Ahora bien, abrir las compuertas, en particular de la educación superior, para integrar socialmente a jóvenes desprovistos de opciones, plantea desafíos gigantescos. Para empezar está el asunto del financiamiento. Juntar los recursos requeridos para cubrir becas, nuevos espacios, profesores y demás en las instituciones de educación superior existentes, así como 100 nuevas universidades, resultará complejo. El nuevo gobierno ha anunciado que incluirá a las universidades privadas en la tarea. Habrá que pensar, también, en aprovechar intensiva y creativamente a la tecnología, en plantear programas de licenciatura más flexibles y en hacer el mejor uso posible de los limitados recursos financieros disponibles.
Un segundo reto tiene que ver con cómo involucrar a las universidades en la atención del problema de la exclusión social de miles de jóvenes sin que dejen de ser, en el camino, instituciones educativas.

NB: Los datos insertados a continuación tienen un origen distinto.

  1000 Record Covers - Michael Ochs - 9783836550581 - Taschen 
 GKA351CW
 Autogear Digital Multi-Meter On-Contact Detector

Instituciones, esto es, cuya razón de ser consiste en formar mentes y actitudes, abrir horizontes, transmitir saberes, desarrollar destrezas y potencialidades, así como preparar a los educandos para la vida activa en colectivo.
Para encarar este segundo desafío resultará indispensable atender dos asuntos cruciales. Primero, diseñar programas que permitan remediar los déficits en competencias habilitantes para el aprendizaje (lengua, razonamiento abstracto y hábitos de estudio) que presentan muchos de los egresados de la educación media superior para, con ello, incrementar sus posibilidades de aprovechar una educación universitaria. Segundo, instrumentar estrategias sencillas y de alto impacto orientadas a fortalecer la capacidad de las instituciones de educación superior para atender a más estudiantes sin que colapse, de pasada, lo poco o mucho que hayan logrado en términos de calidad educativa.
Un tercer reto tiene que ver con qué pasará con los jóvenes incorporados a la educación superior una vez concluyan sus estudios. Concretamente con cuáles opciones les esperan en un mercado laboral que no le ofrece buenas opciones a los egresados universitarios y cuyas deficiencias, como muestra el último libro de Santiago Levy, limitan muy seriamente la posibilidad de traducir mayor escolaridad en empleos más productivos. Este tema merece una reflexión aparte, pero conviene al menos dejarlo apuntado, pues sin cambios de fondo en el mercado del trabajo, el acceso ampliado a la educación superior contribuirá a atender el problema de la exclusión social de los jóvenes en lo inmediato, pero difícilmente logrará solventarlo en el mediano y en el largo plazo.
Los retos planteados por la propuesta de involucrar a las universidades en la solución a la exclusión social de los jóvenes, son enormes. Dada la urgencia y centralidad del asunto, sería un error limitarnos a nombrar y escudriñar los obstáculos. Lo conducente sería, tomando en cuenta restricciones y riesgos, mirar de frente el problema y convocar a universidades, especialistas y empresas a construir soluciones innovadoras y viables para atender los desafíos mayúsculos e insuficientemente atendidos asociados a ampliar cobertura, equidad y calidad educativa en simultáneo.